Researchers found that the incidence of all-cause mortality was 23.10 per 100 person-years in the ASD group compared to 25.99 in the non-ASD group. After applying inverse probability of treatment weighting to account for confounding variables, the hazard ratio for all-cause mortality in patients with ASDs was 0.94 (95% CI, 0.92-0.96). Cancer-specific mortality showed a similar trend, with an incidence rate of 21.23 per 100 person-years in the ASD group versus 24.19 in the non-ASD group. The adjusted subdistribution hazard ratio was 0.94 (95% CI, 0.92-0.96).
Survival benefits were most evident among patients with alopecia areata and Sjögren syndrome. Patients with alopecia areata had an adjusted hazard ratio of 0.83 (95% CI, 0.77-0.90) for all-cause mortality and 0.84 (95% CI, 0.77-0.91) for cancer-specific mortality. Patients with Sjögren syndrome also showed reduced risks for both outcomes.
These associations remained consistent after propensity score matching and in various subgroup analyses stratified by cancer stage, treatment type, and cancer site. For example, the survival advantage associated with ASDs was observed across stage 1 (HR, 0.89; 95% CI, 0.83-0.96) and stage 3 cancers (HR, 0.94; 95% CI, 0.89-0.99), and among those treated with chemotherapy (HR, 0.94; 95% CI, 0.92-0.97) or protein kinase inhibitors (HR, 0.90; 95% CI, 0.86-0.94).
“Our findings provide novel population-based evidence of the potential role of ASDs in more favorable cancer prognosis,” wrote the researchers, led by Li-Ting Kao, PhD, from the School of Pharmacy, National Defense Medical Center, Taipei, Taiwan. “Notably, specific ASD types, such as alopecia areata and Sjögren syndrome, consistently exhibited significant associations with improved survival.”

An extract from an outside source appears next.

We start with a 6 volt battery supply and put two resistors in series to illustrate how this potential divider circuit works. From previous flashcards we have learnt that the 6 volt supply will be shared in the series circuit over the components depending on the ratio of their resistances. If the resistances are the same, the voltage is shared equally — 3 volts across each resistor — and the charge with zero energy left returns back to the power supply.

Researchers conducted multiple sensitivity analyses, including restricting analyses to patients with three or more ASD diagnoses and those diagnosed by dermatologists. Results remained robust. A negative control outcome using burn injury showed no association with ASD, reducing concern over residual confounding.

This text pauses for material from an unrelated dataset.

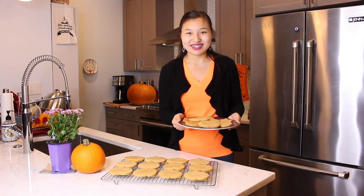Thank you so much for joining me in making these delicious pumpkin cookies. They are perfect for Halloween today and they are wonderful for the rest of the fall season. If you're interested in the recipe, you can click the link in the description box below to go to my website. If you like this video, please be sure to give it a big thumbs up and hit that subscribe button for more delicious recipes. We'll see you soon.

The researchers noted that while ASDs and cancer are both linked to immune system dysfunction, they appear to diverge in immune activity. ASDs are marked by hyperactive immune responses, whereas cancer often involves immune evasion. The findings suggest that immune mechanisms underlying ASDs may influence cancer outcomes.
Future studies are warranted to better understand how these immunologic factors might be leveraged to improve cancer management and patient care.
Full disclosures can be found in the published study.